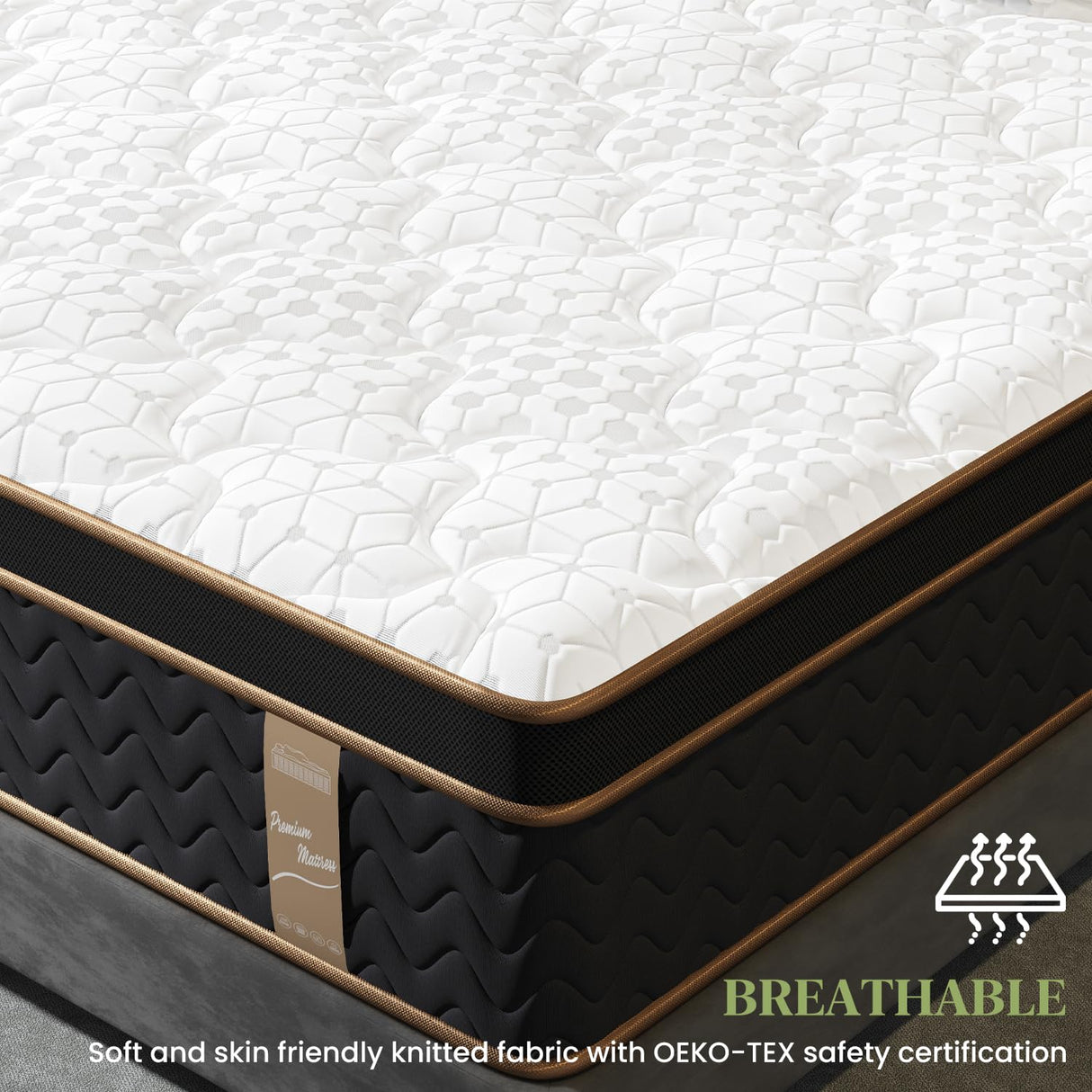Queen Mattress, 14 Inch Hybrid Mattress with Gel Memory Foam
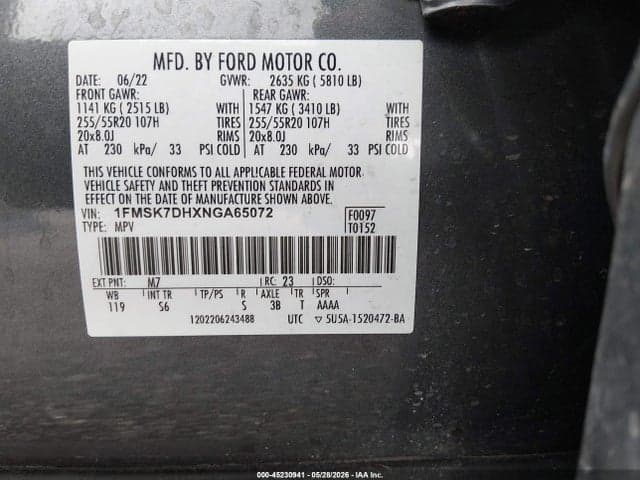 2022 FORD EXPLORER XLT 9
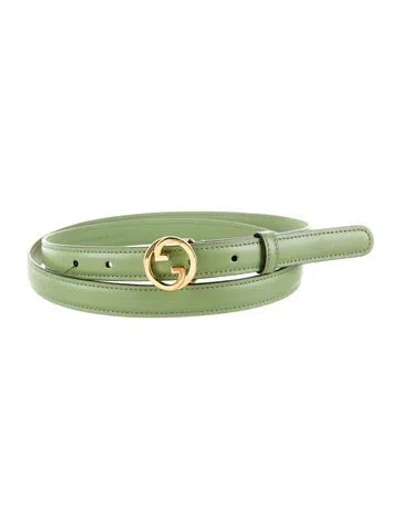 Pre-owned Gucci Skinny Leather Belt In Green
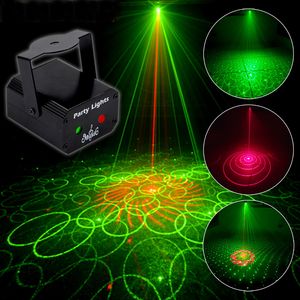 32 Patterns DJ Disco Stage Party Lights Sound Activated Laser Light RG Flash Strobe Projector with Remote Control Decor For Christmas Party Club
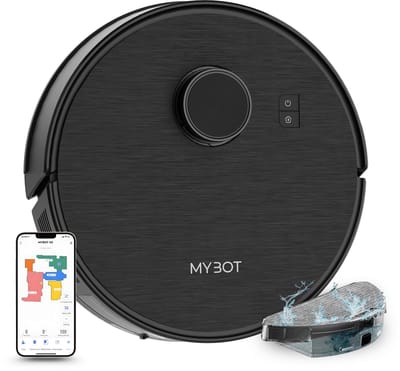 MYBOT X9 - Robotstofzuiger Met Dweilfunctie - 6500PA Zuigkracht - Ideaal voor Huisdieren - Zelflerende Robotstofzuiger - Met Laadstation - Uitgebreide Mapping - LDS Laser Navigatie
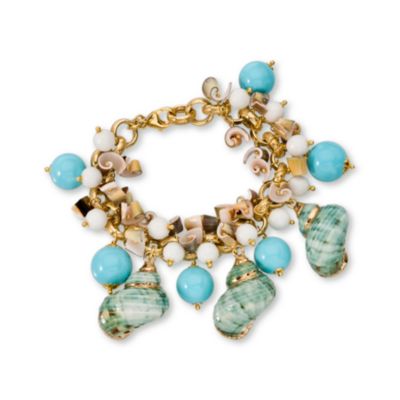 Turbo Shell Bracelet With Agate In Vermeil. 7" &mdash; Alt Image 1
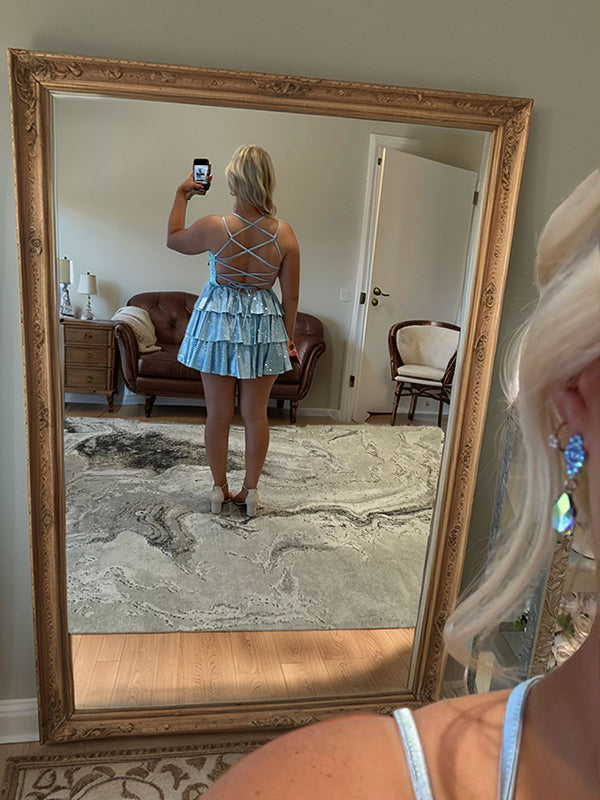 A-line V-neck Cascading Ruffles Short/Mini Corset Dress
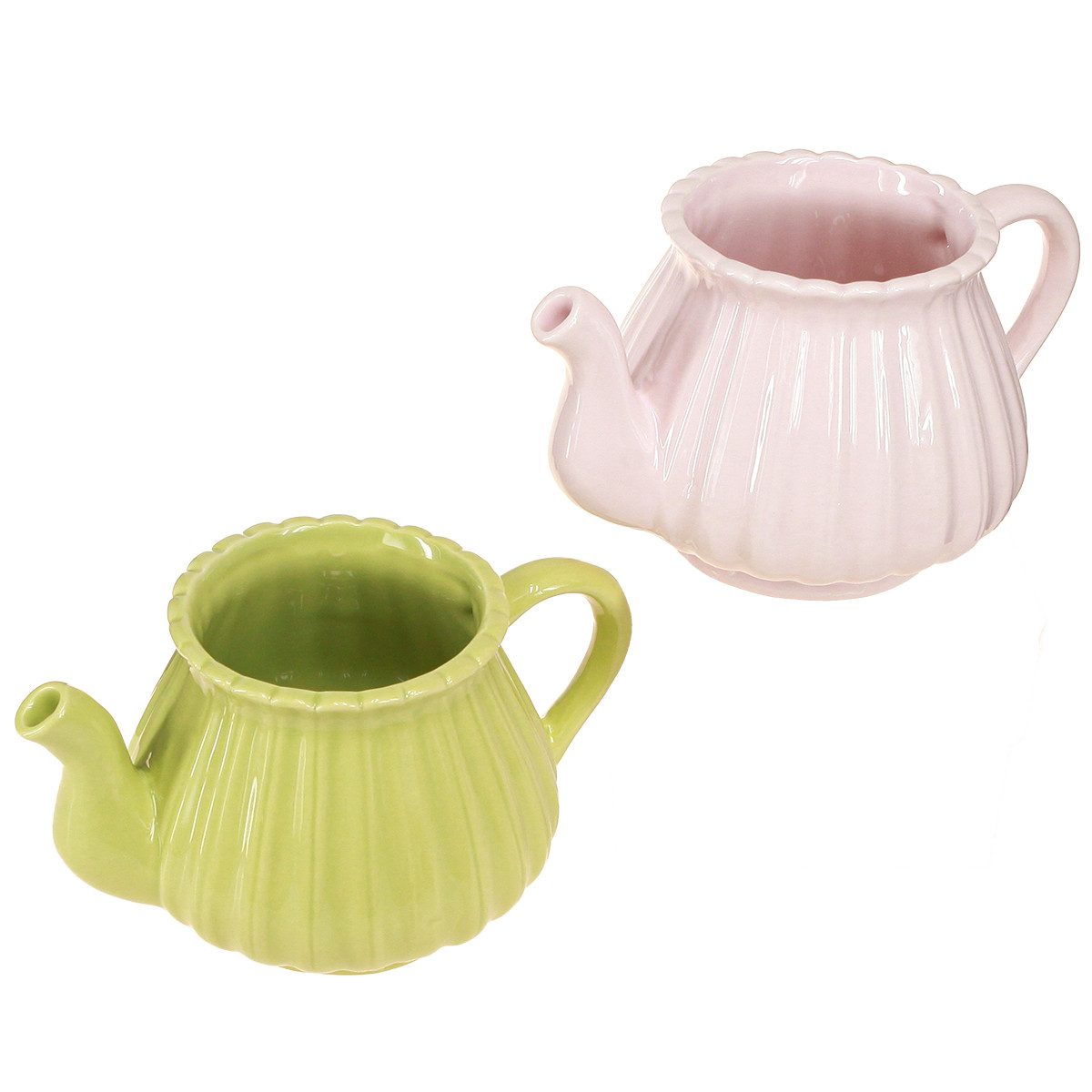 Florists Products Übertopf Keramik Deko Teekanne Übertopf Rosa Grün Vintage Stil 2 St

-*-

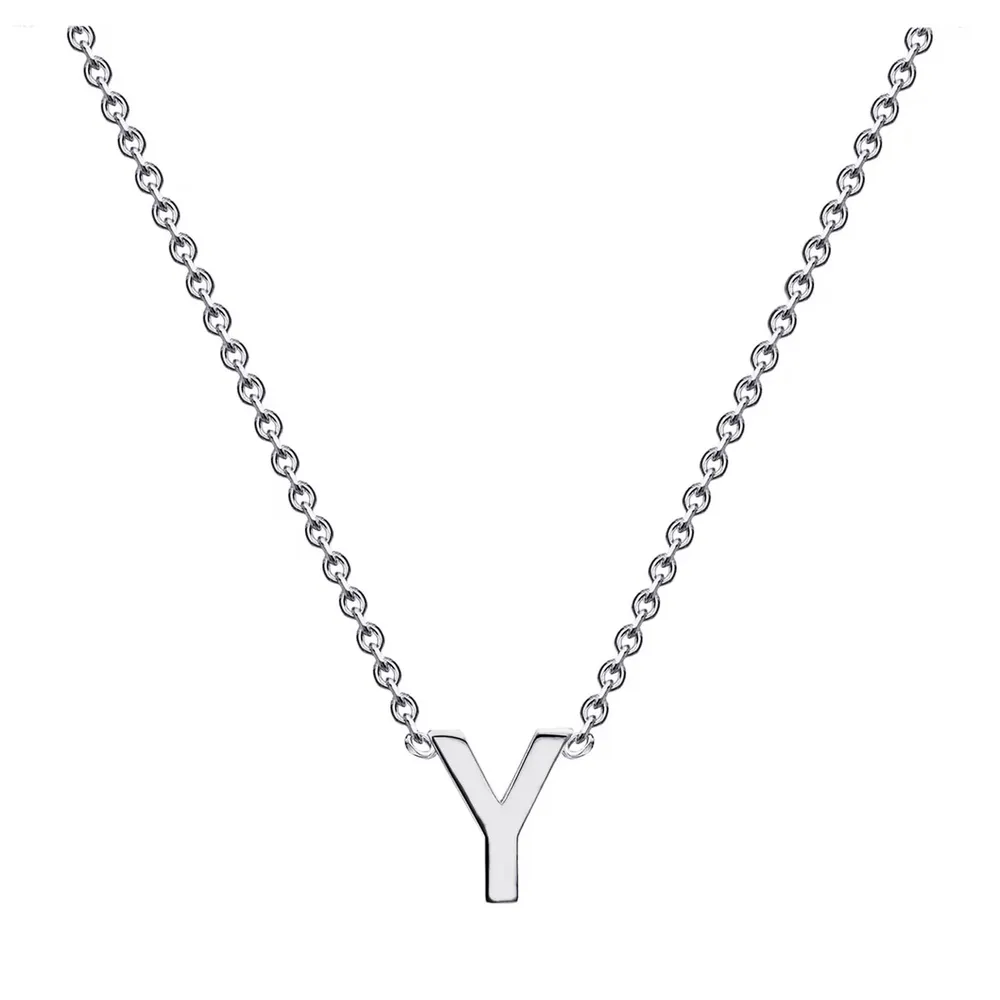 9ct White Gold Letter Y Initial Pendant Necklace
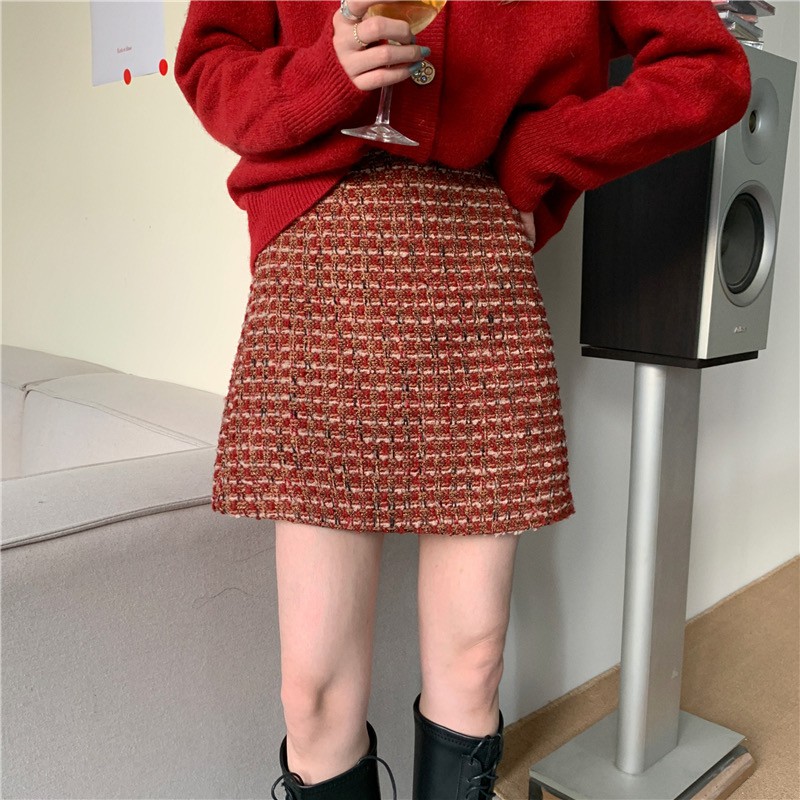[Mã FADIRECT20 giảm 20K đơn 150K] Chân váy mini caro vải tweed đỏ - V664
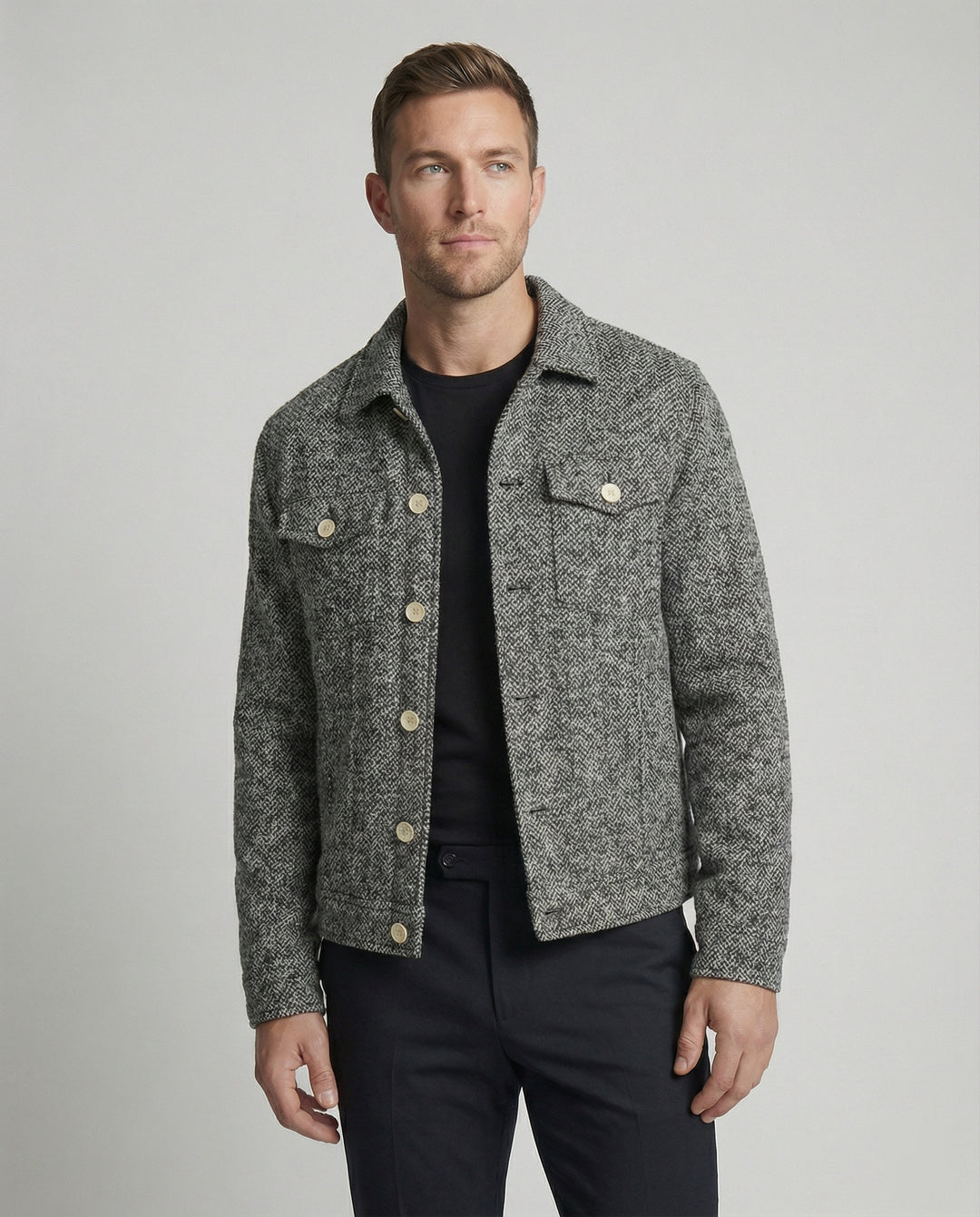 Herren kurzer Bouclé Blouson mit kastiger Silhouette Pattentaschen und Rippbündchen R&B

-*-

Task item:
Could you transcribe exactly the entries above, but only the lines from the one with "Queen Mattress, 14" through the one with "32 Patterns DJ", and without pictures?

Answer below:
Queen Mattress, 14 Inch Hybrid Mattress with Gel Memory Foam
 2022 FORD EXPLORER XLT 9
 Pre-owned Gucci Skinny Leather Belt In Green
 32 Patterns DJ Disco Stage Party Lights Sound Activated Laser Light RG Flash Strobe Projector with Remote Control Decor For Christmas Party Club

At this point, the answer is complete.